Seperti diketahui, PT Indonesia Asahan Alumunium (Inalum) mendesak PT Freeport Indonesia menyelesaikan kerugian negara akibat permasalahan lingkungan yang ditimbulkan dari aktivitas penambangan.
Berdasarkan temuan Badan Pemeriksa Keuangan (BPK), kerugian akibat permasalahan lingkungan akibat operasional Freeport di Papua mencapai Rp185,58 triliun.
“Kalau tidak selesai, kami tidak akan melakukan pembayaran. Payment tidak jadi. Karena kami tidak mungkin membayar kalau izin usaha pertambangan khusus (IUPK) tidak ada. IUPK itu diterbitkan kalau masalah lingkungan sudah selesai,” ujar Direktur Utama Inalum Budi Gunadi Sadikin di Jakarta.
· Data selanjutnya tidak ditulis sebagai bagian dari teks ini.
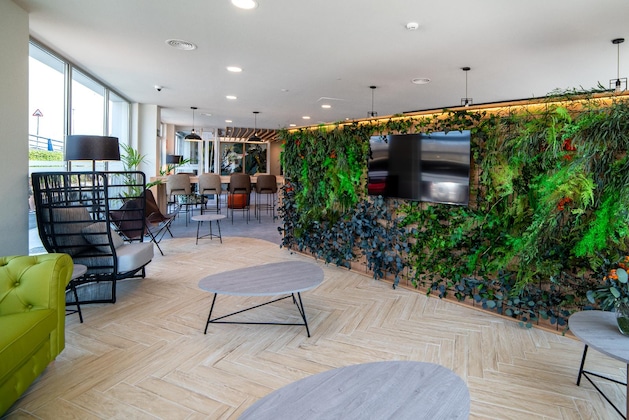 Gallery - Ibis Styles Santander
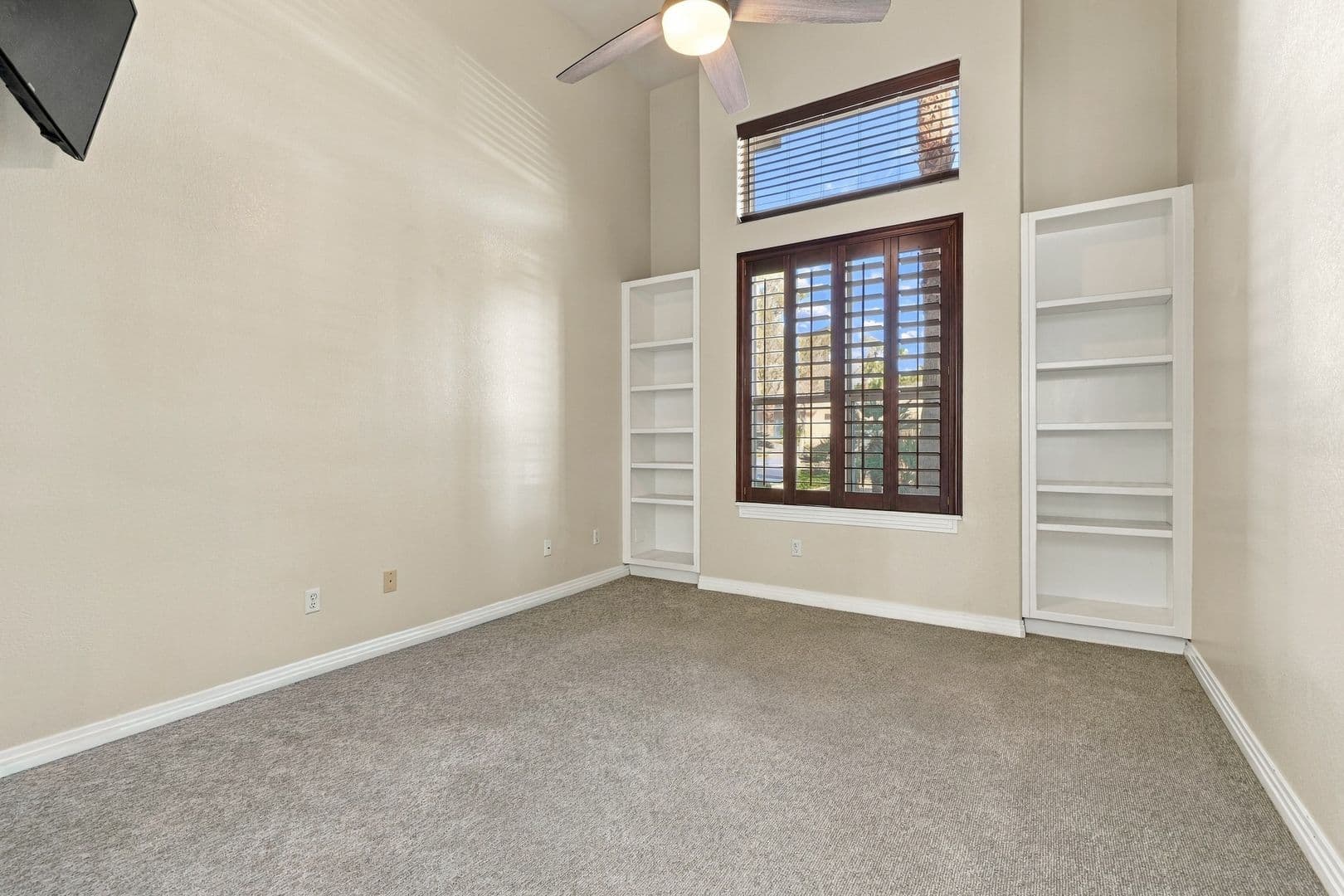 Las Vegas House: 7417 Doe Ave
Baca Juga: Pemda Papua Beli 10% Saham Freeport, Inalum Talangi Rp13,5 Triliun
Menurut dia, Inalum tidak ikut bertanggung jawab atas masalah lingkungan yang ditimbulkan Freeport selama beroperasi. Pihaknya mengatakan, apabila terbukti ada permasalahan lingkungan, maka yang bertanggung jawab adalah Freeport, bukan Inalum sebagai pembeli saham.
“Kami meminta ada kepastian atas permasalahan tersebut, karena itu merupakan salah satu syarat terbitnya IUPK. Kalau tidak selesai, transaksi tidak jadi,” katanya.
Dia mengatakan, isu lingkungan tersebut sangat penting karena sebagai syarat mendapatkan pinjaman dari perbankan internasional. Pasalnya, jika isu lingkungan itu tidak selesai, maka 11 perbankan luar negeri yang rencananya menyokong dana kepada Inalum menjadi terhambat. Akibatnya, transaksi saham divestasi senilai USD3,85 miliar sesuai tertuang dalam pokok-pokok perjanjian (Head of Agreement/HoA) pada Juli 2018 terancam batal
Meski begitu, pihaknya tetap menargetkan pembayaran divestasi bisa selesai tahun ini. Pihaknya meyakini jika masalah lingkungan segera selesai karena telah dikonsolidasikan dengan Kementerian Lingkungan Hidup dan Kehutanan (KLHK).
“Dalam perjanjian sudah dipastikan dan angka lingkungan tersebut sudah diperhitungkan dan dikonsolidasikan dengan KLHK. Memang yang berwenang adalah KLHK,” ucapnya.